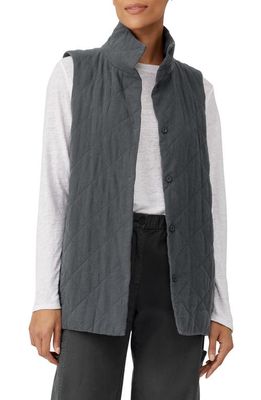 Eileen Fisher Stand Collar Quilted Longline Vest in Graphite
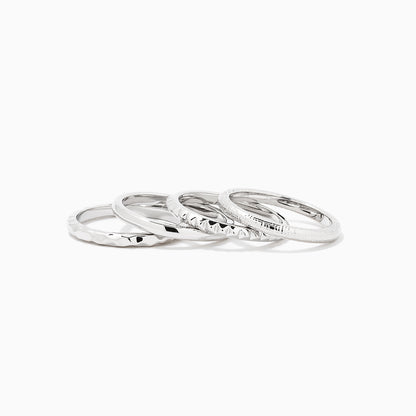 ["Textured Ring Stack (Set of 4) ", " Silver ", " Product Detail Image ", " Uncommon James"]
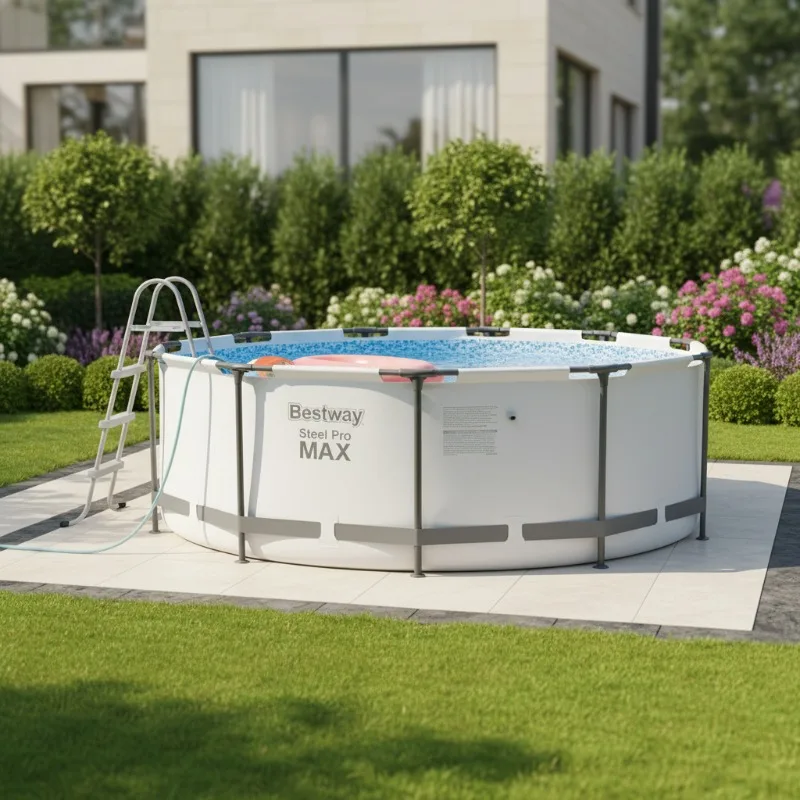 Large Round PVC & PC Stand Pool for Adults and Children Family-friendly Inflatable & Above Ground Spa Pool for Outdoor Swimming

* [Task to carry out] Each line of the listing above must be given again exactly; the pictures are to be left out.

* [Solution below]
 Eileen Fisher Stand Collar Quilted Longline Vest in Graphite
 ["Textured Ring Stack (Set of 4) ", " Silver ", " Product Detail Image ", " Uncommon James"]
 Large Round PVC & PC Stand Pool for Adults and Children Family-friendly Inflatable & Above Ground Spa Pool for Outdoor Swimming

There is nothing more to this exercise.